▶ Instructions for the task: Output all the records word for word. Drop the pictures.

▶ Available data:

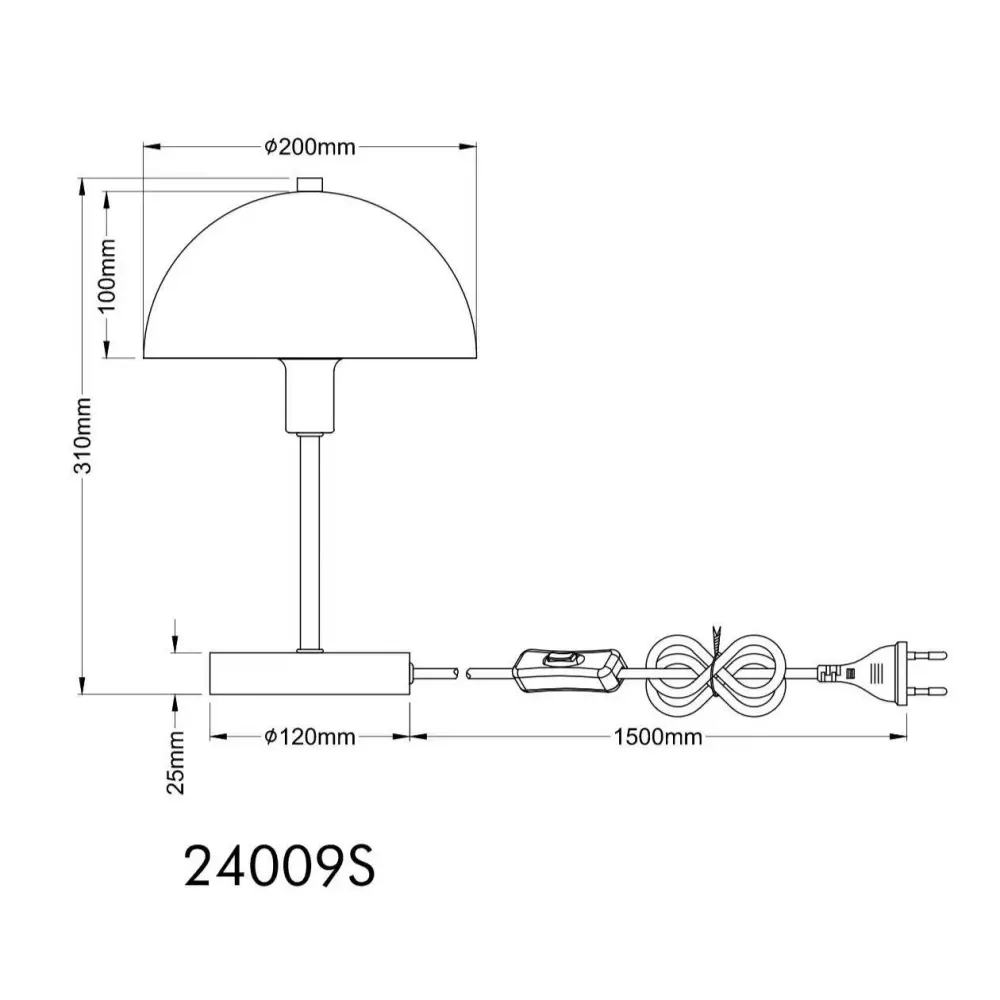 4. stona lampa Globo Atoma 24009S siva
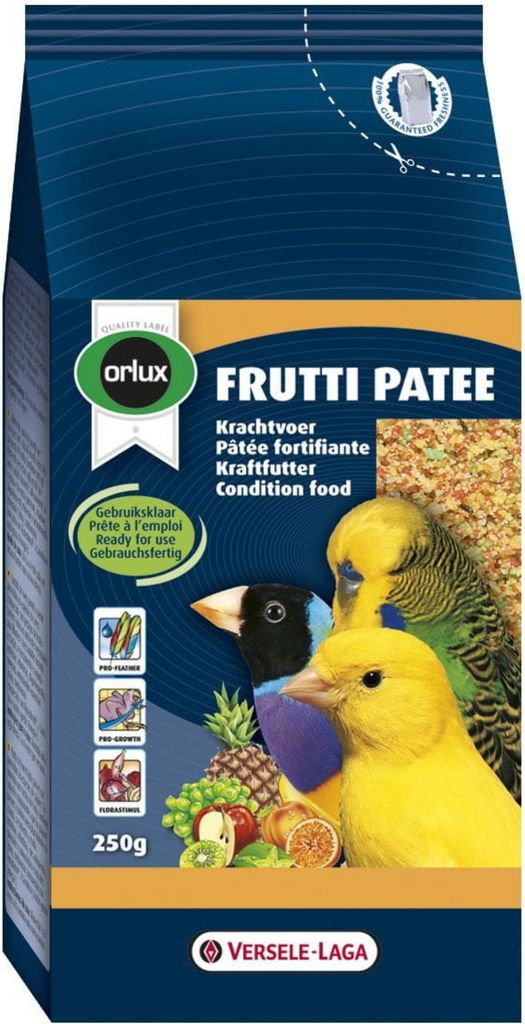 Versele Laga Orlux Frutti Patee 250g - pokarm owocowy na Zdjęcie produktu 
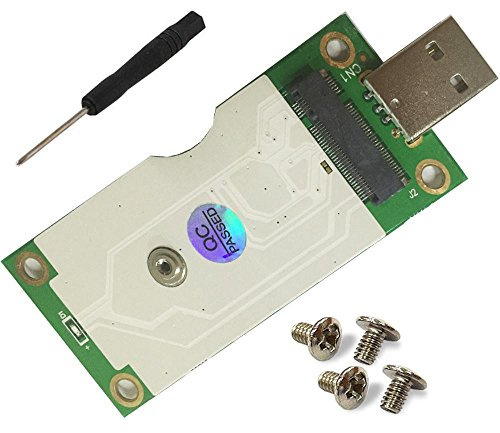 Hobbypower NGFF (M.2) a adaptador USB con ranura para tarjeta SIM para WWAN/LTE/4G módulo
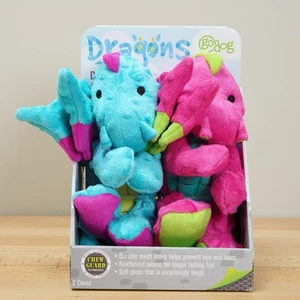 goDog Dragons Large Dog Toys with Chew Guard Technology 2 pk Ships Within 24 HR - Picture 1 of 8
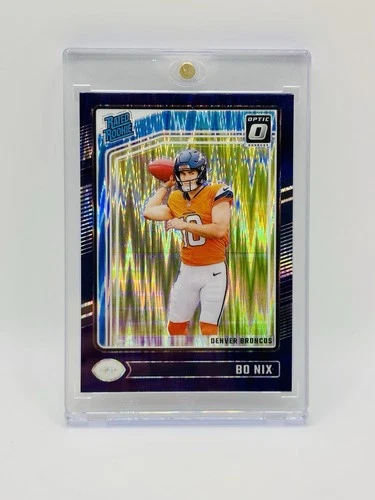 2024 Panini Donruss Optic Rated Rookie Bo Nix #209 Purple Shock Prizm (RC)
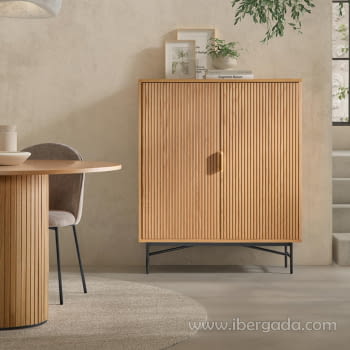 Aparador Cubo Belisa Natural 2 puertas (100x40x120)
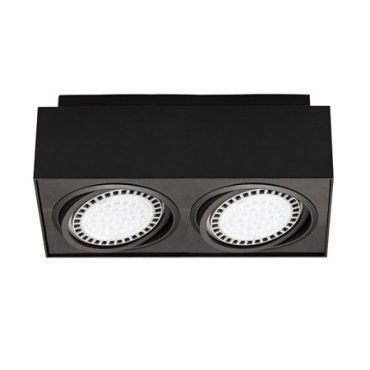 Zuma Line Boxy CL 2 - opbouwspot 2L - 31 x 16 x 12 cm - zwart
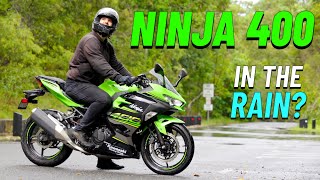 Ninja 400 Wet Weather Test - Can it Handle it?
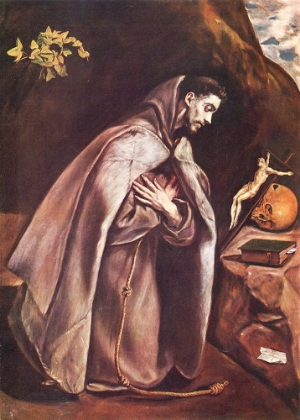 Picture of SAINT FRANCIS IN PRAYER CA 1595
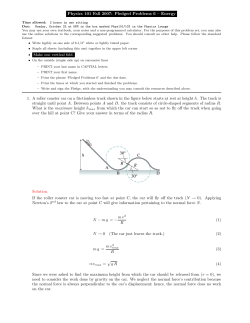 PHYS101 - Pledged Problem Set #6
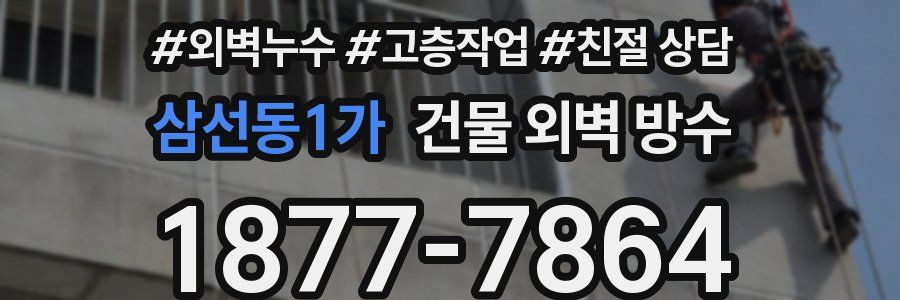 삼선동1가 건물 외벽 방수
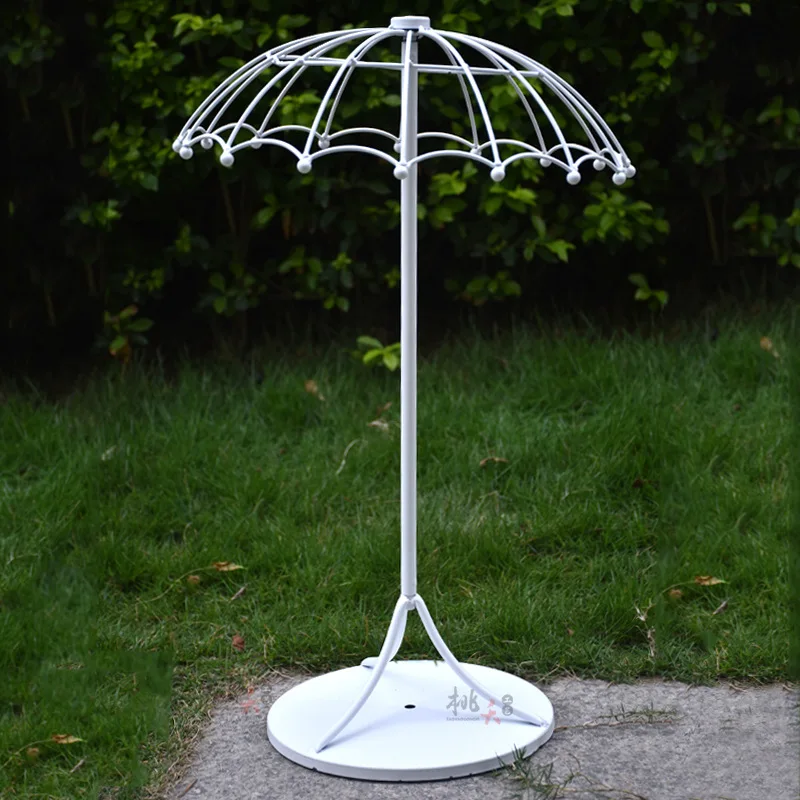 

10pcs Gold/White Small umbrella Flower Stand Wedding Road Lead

▶ Response:
 4. stona lampa Globo Atoma 24009S siva
 Versele Laga Orlux Frutti Patee 250g - pokarm owocowy na Zdjęcie produktu 
 Hobbypower NGFF (M.2) a adaptador USB con ranura para tarjeta SIM para WWAN/LTE/4G módulo
 goDog Dragons Large Dog Toys with Chew Guard Technology 2 pk Ships Within 24 HR - Picture 1 of 8
 2024 Panini Donruss Optic Rated Rookie Bo Nix #209 Purple Shock Prizm (RC)
 Aparador Cubo Belisa Natural 2 puertas (100x40x120)
 Zuma Line Boxy CL 2 - opbouwspot 2L - 31 x 16 x 12 cm - zwart
 Ninja 400 Wet Weather Test - Can it Handle it?
 Picture of SAINT FRANCIS IN PRAYER CA 1595
 PHYS101 - Pledged Problem Set #6
 삼선동1가 건물 외벽 방수

10pcs Gold/White Small umbrella Flower Stand Wedding Road Lead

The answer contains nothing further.